Chez les penseurs critiques, la perspective révolutionnaire disparaît aussi du vocabulaire, tout comme le rapport à la classe ouvrière, portée disparue. En août 1983, Jean-François Lyotard rédige un « Tombeau pour l’intellectuel » et y affirme que

l’intellectuel n’existe plus, du moins au sens d’un esprit s’identifiant à un sujet doté d’une valeur universelle, décrivant, analysant de ce point de vue une situation ou une condition et prescrivant ce qui doit être fait pour que sa réalisation progresse[8].

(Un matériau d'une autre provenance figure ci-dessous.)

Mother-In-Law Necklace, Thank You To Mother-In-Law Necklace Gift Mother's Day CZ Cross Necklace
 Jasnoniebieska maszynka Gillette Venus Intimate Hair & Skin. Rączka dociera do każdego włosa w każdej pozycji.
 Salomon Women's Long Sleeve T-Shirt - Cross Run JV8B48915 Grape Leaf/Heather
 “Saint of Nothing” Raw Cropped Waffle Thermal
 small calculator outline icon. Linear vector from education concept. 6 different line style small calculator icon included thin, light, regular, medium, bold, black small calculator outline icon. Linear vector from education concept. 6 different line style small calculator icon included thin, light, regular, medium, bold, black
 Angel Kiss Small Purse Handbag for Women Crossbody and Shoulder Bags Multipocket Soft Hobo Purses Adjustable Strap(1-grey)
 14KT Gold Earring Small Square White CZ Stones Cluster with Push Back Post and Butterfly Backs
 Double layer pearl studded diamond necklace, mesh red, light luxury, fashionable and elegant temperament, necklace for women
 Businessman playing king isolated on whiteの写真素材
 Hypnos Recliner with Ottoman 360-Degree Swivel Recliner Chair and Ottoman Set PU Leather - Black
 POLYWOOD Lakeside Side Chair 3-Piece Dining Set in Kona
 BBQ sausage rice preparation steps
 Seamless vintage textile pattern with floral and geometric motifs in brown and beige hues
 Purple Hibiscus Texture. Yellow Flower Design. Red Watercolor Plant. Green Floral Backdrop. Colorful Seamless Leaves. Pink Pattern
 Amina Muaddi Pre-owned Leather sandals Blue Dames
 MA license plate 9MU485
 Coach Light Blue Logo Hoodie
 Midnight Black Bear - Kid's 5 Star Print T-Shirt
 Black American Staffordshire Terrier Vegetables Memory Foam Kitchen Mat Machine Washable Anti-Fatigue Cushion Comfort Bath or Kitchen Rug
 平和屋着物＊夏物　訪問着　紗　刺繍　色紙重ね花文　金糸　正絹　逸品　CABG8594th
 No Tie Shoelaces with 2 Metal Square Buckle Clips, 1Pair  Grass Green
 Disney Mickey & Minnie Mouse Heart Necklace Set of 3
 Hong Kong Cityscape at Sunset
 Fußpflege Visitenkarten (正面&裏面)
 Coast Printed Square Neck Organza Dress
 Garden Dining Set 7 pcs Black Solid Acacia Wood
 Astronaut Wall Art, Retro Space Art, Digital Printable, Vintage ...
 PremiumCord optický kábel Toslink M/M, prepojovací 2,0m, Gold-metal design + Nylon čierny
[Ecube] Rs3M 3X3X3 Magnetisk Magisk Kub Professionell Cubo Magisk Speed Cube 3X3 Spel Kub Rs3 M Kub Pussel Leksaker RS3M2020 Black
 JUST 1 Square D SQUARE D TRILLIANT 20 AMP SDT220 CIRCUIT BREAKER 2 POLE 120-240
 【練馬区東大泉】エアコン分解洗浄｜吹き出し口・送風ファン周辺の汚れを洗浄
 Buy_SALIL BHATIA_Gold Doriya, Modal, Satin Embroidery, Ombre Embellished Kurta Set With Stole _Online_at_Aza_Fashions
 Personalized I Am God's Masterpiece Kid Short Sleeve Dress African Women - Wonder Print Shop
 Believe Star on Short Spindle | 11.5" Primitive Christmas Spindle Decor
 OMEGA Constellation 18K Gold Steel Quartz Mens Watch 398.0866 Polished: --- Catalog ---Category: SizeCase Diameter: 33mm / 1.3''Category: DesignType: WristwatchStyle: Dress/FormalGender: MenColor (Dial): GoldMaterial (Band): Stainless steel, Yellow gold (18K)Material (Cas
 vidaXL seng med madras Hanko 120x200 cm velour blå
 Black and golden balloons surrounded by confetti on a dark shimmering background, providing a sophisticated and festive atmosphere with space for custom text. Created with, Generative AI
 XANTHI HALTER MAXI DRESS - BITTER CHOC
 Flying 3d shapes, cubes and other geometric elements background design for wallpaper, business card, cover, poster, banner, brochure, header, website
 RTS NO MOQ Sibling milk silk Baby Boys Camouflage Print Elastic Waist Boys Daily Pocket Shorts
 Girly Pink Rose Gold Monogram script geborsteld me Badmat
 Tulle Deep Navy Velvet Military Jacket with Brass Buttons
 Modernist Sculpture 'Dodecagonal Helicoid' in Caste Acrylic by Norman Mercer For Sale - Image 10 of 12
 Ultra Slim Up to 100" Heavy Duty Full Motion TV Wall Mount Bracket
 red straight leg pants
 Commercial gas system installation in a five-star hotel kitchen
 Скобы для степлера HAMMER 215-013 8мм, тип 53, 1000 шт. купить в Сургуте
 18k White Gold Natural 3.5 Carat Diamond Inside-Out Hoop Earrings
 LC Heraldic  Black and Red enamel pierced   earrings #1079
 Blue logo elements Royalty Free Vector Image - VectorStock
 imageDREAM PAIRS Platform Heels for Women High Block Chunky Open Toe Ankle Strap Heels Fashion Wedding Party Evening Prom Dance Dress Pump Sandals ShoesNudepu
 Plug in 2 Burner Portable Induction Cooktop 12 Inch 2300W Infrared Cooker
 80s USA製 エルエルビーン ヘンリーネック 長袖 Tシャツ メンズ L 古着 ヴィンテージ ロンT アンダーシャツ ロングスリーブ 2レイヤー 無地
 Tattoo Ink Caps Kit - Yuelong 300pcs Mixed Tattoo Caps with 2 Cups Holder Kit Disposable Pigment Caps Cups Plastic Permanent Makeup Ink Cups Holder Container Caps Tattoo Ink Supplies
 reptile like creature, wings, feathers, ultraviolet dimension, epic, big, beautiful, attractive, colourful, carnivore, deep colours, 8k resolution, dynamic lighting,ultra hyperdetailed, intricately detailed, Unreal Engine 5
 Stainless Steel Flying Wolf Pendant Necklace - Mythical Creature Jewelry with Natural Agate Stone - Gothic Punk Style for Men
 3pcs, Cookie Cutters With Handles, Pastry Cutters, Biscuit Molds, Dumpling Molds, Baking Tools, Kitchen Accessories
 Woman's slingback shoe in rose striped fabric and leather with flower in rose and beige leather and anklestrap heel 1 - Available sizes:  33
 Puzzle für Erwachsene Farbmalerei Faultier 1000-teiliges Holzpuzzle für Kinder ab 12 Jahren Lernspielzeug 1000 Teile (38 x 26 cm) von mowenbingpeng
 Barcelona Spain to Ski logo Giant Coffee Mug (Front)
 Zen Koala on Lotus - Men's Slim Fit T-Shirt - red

Si le capitalisme n’est plus même nommé, c’est sa phase présente, appelée – de manière disputée – néolibéralisme qui est seul l’objet des critiques. Il ne s’agit plus de s’opposer à la logique même du capital, mais à la manière dont l’emprise de la marchandise grignote peu à peu tous les secteurs de la société, à l’heure de privatisations généralisées. Le temps n’est donc plus à une pensée de la transformation sociale et de l’émancipation, mais à la « résistance », signe d’une relative impuissance[9]. La pensée stratégique n’est plus de mise et le « possible » n’est plus pensé. Pierre Bourdieu en témoigne lui-même, au tout début des années 2000 :

la force des défenseurs du « modèle » dominant c’est qu’ils se présentent comme détenteurs du monopole de la vérité sur le monde social. C’est une de leurs forces. Avec l’effondrement des régimes dits communistes, cette impression de monopole est portée à sa pleine puissance. On a le sentiment qu’il n’y a pas d’alternative. Cela dit, on a trop souffert des grands modèles prophético-apocalyptiques pour être tenté de proposer quoi que ce soit de semblable[10].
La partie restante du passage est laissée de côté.